7-4. C-E System Deactivation

a. The following establishes guidelines for commanders when closing down a system. The primary objective is to insure that everyone involved is properly notified of closure time, procedures, actions, and directions to follow before, during, and after the closure. There are two methods of notification: normal chain of command channels and technical control channels.

b. Overall responsibility for closure rests upon the commander of the system. He delegates this responsibility downward, through both the chain of command and the technical control channels (C-EMS), to rest finally with the CSCE and CNCE's directly involved in the deactivation of the system.

c. The closing of a C-E system, or any portion of it, is a control procedure and requires close coordination between all elements of that system. Past experience shows that the process of closing a C-E system can vary from a smooth operation to a gigantic "snafu." The experience level of the personnel controlling and operating the systems is a critical element; and because experience varies from person to person, a precise method of control is required.

d. Closure orders which include the activities involved, closure times, and actions to be followed after the closure are sent to the CSCE and CNCE's. Both command and technical control channels are used to insure that everyone involved "gets the message."

SECURITY NOTE: All orders or instructions relative to closing down the C-E system must be authenticated according to instructions provided by the CEOI. This requirement applies regardless of how the instructions or orders are issued.

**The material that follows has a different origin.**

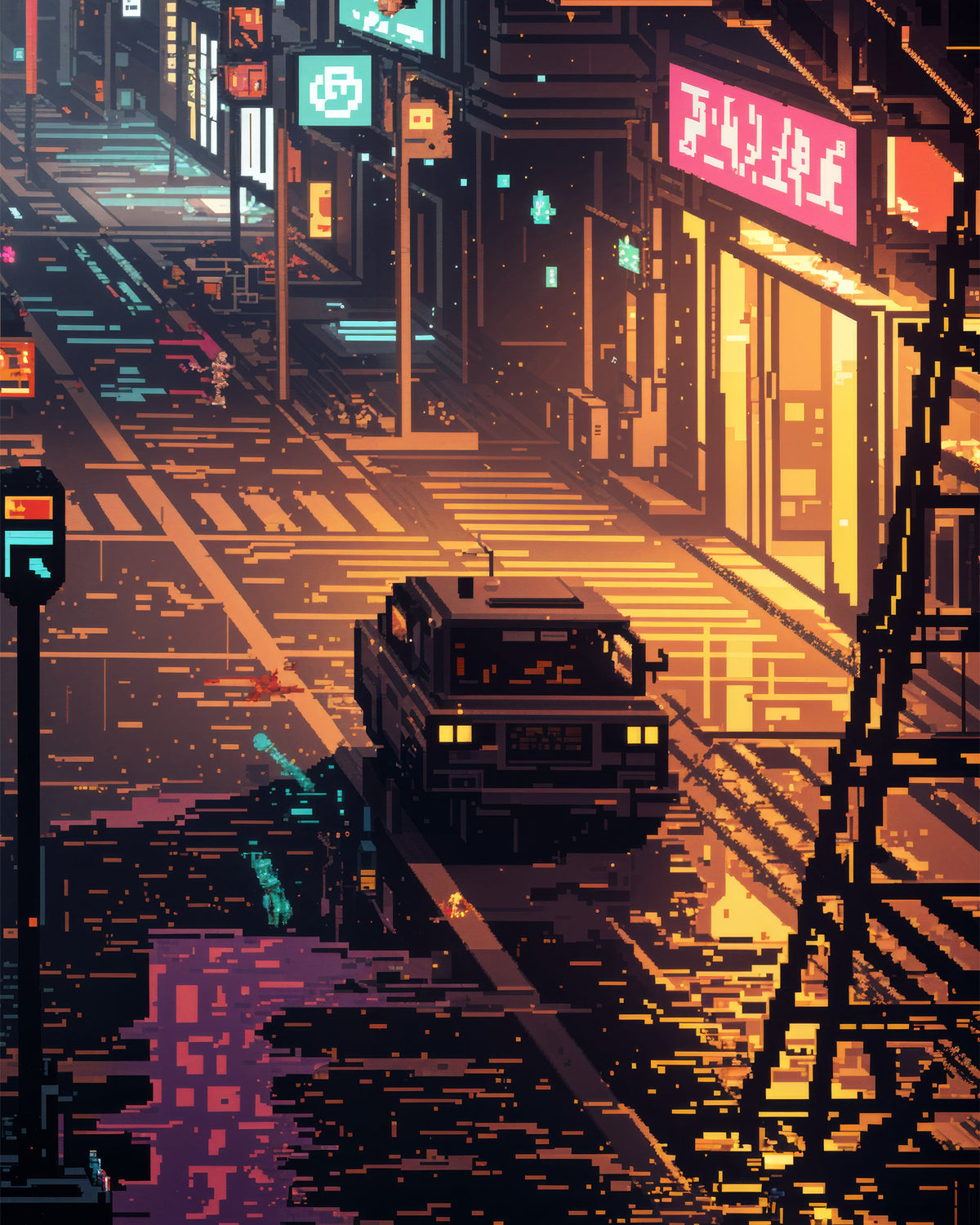 夜のネオンに照らされた様式化された街路の風景です。濡れた道路には暗色の車両があり、店舗の看板が光っています。オレンジ、紫、青、黄色を基調としたピクセル調のデジタルアートです。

e. The CSCE, acting through the controlling CNCE, directs and supervises the closing of the system. The CNCE, in turn, notifies all subscribers of the closure time. Normal chains of command, engineering orderwire, and other engineering channels are used to notify all systems, relays, and subscribers, including users of "strap-through" and "dedicated" (sole-user) circuits.

f. When closure time occurs, the CSCE/CNCE's direct subordinate units to terminate subscriber service. The CNCE verifies termination of all subscriber service and notifies the CSCE. The activation/deactivation reports may be used to conclude this action; if the situation permits or warrants it, however, verbal notification will suffice.

g. After the CSCE receives verification of subscriber termination, the CSCE notifies the controlling CNCE to begin closing down the trunking system. The CNCE then directs operating personnel of the terminal equipment (carrier, multiplex, or radio) to notify all relays and terminals in the system to close down. Each one closes, in turn, beginning with the most distant point, thus assuring that all units in the system are notified of the action to close and, in fact, do close.

h. After receiving verification that the entire system has closed, the CNCE files an activation/deactivation report with the CSCE and then closes down. The CSCE, at this point, records the time of closure and reports to higher headquarters that the system is closed, and any communication required is over single channel radio nets.